What to produce: All the records that follow need to be reproduced exactly. Omit the images.

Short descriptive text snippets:
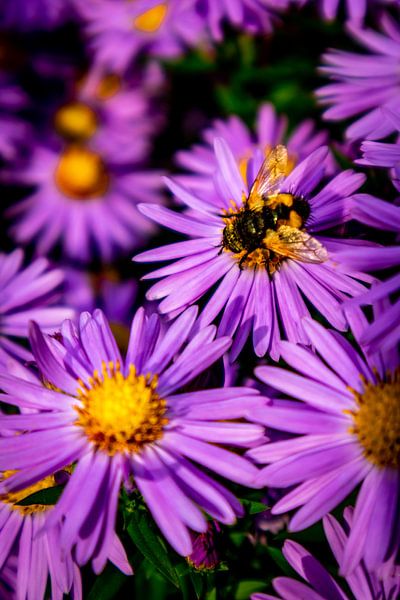 Beautiful blossoms in the home garden by Oliver Hlavaty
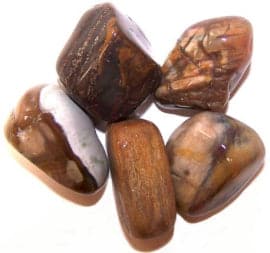M TumbMe Stone - Petrified Wood - Premium  from Bliss - Just €0.48! Shop now at Maltashopper.com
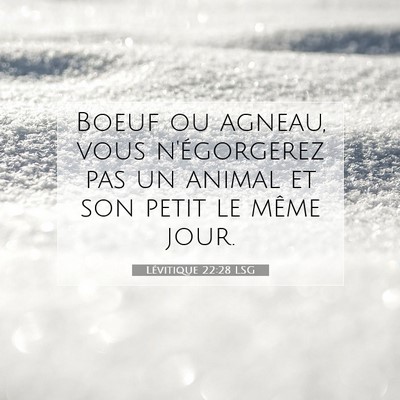 Picture 07 - Lévitique 22:28 LSG - Boeuf ou agneau, vous n'égorgerez pas un animal - Bible Verse Picture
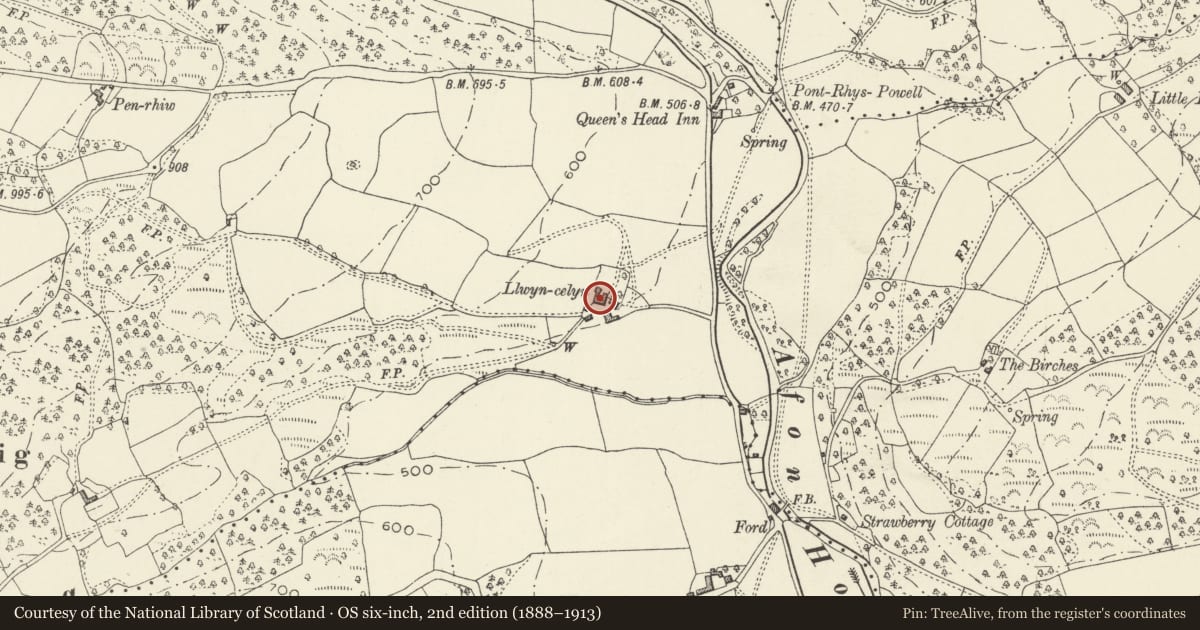 Ordnance Survey six-inch map, 2nd edition (1888–1913) covering the location of Llwyn-celyn Farmhouse, Crucorney, Monmouthshire, with a pin at the register's coordinates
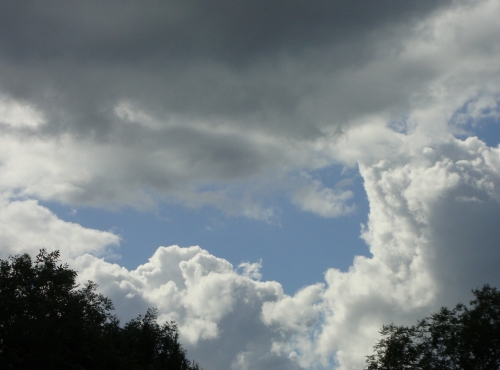 DSC08930.JPG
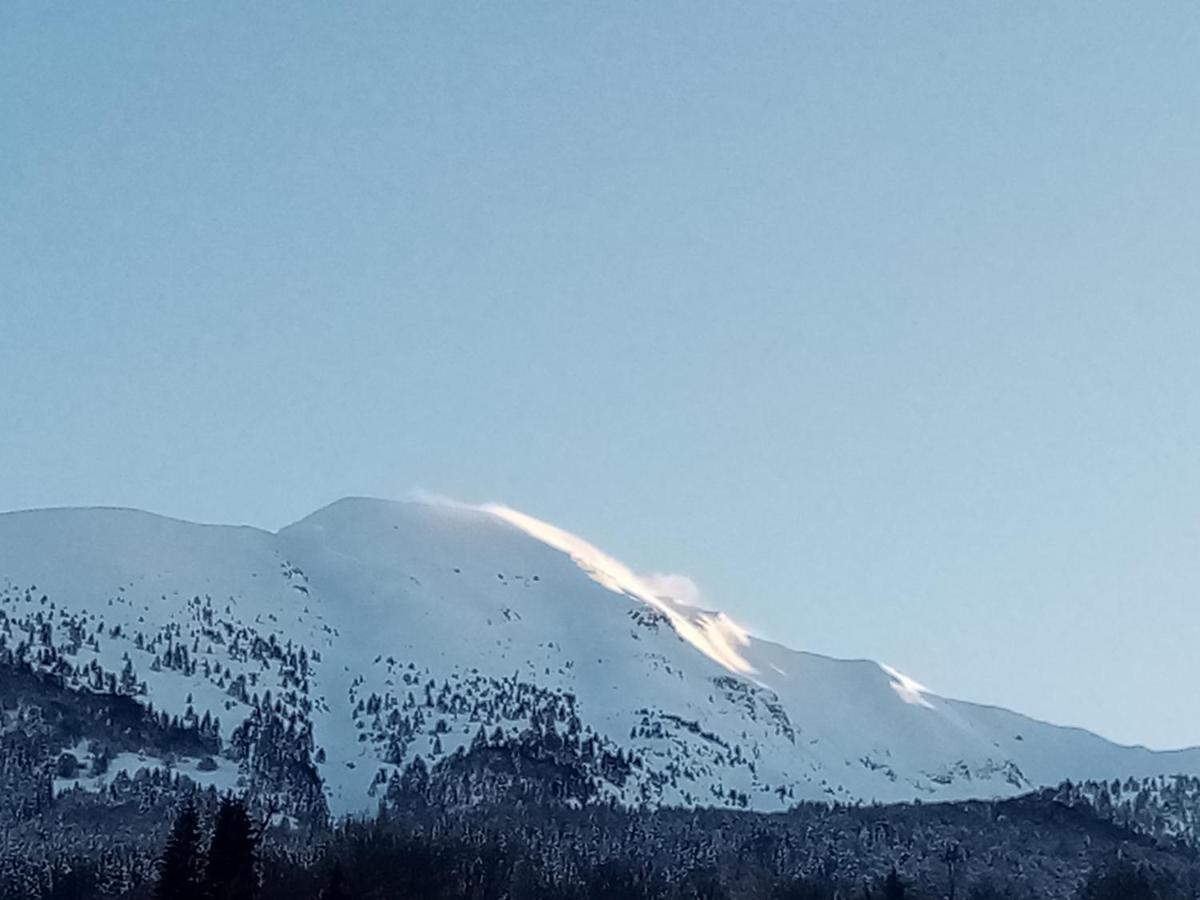 Tambre dʼAlpago Da C I S A Bed & Breakfast エクステリア 写真
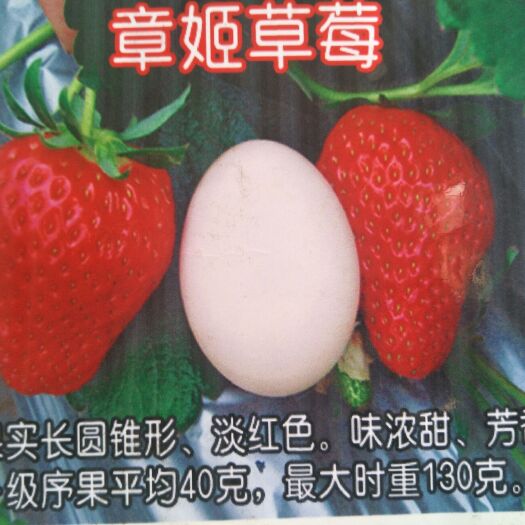 泰安 草莓苗～章姬草莓苗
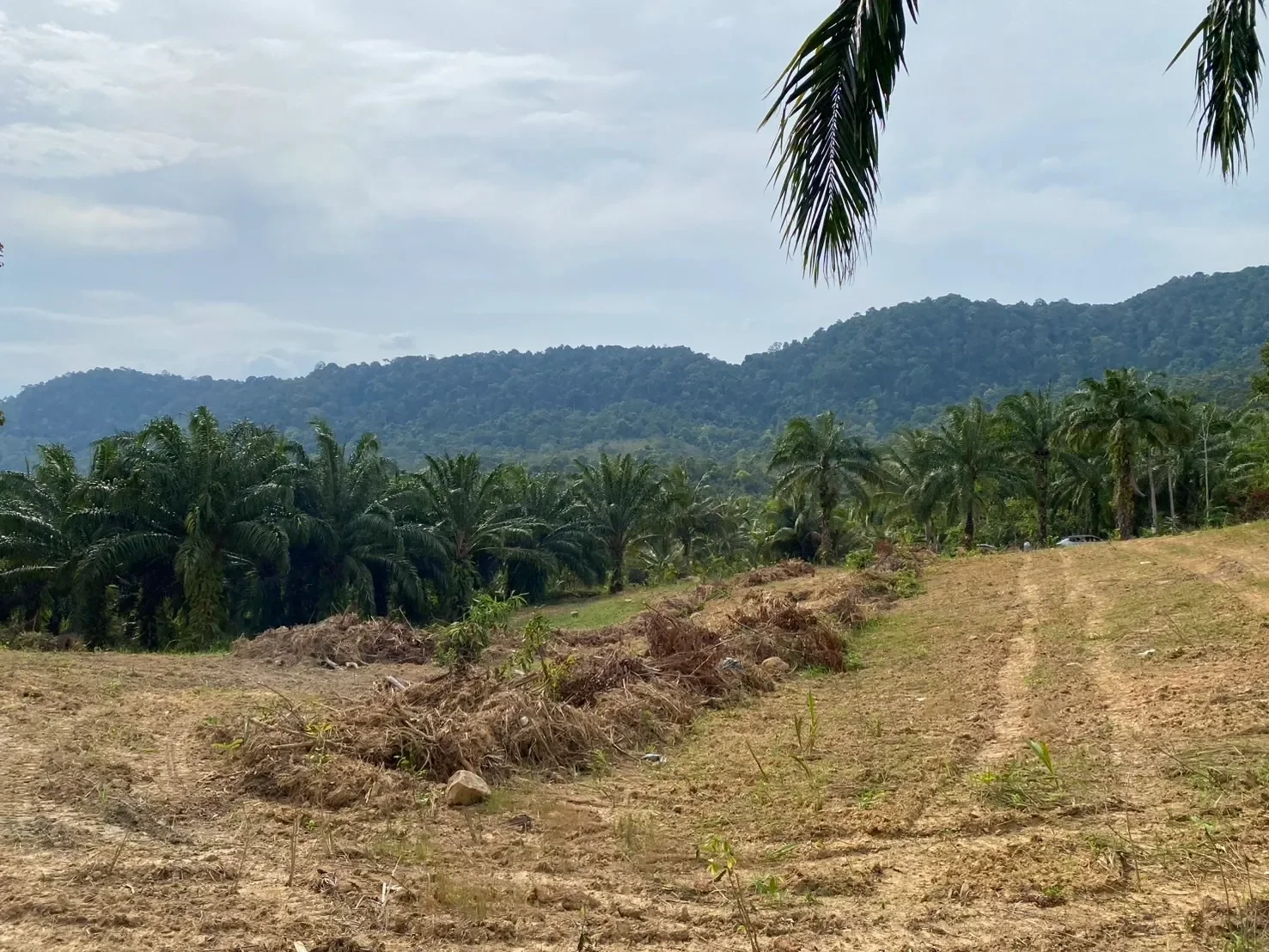 Krabi,, Nong Thale, Krabi, Thailand. - Photo 21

Task solution:
 Beautiful blossoms in the home garden by Oliver Hlavaty
M TumbMe Stone - Petrified Wood - Premium  from Bliss - Just €0.48! Shop now at Maltashopper.com
 Picture 07 - Lévitique 22:28 LSG - Boeuf ou agneau, vous n'égorgerez pas un animal - Bible Verse Picture
 Ordnance Survey six-inch map, 2nd edition (1888–1913) covering the location of Llwyn-celyn Farmhouse, Crucorney, Monmouthshire, with a pin at the register's coordinates
 DSC08930.JPG
 Tambre dʼAlpago Da C I S A Bed & Breakfast エクステリア 写真
 泰安 草莓苗～章姬草莓苗
 Krabi,, Nong Thale, Krabi, Thailand. - Photo 21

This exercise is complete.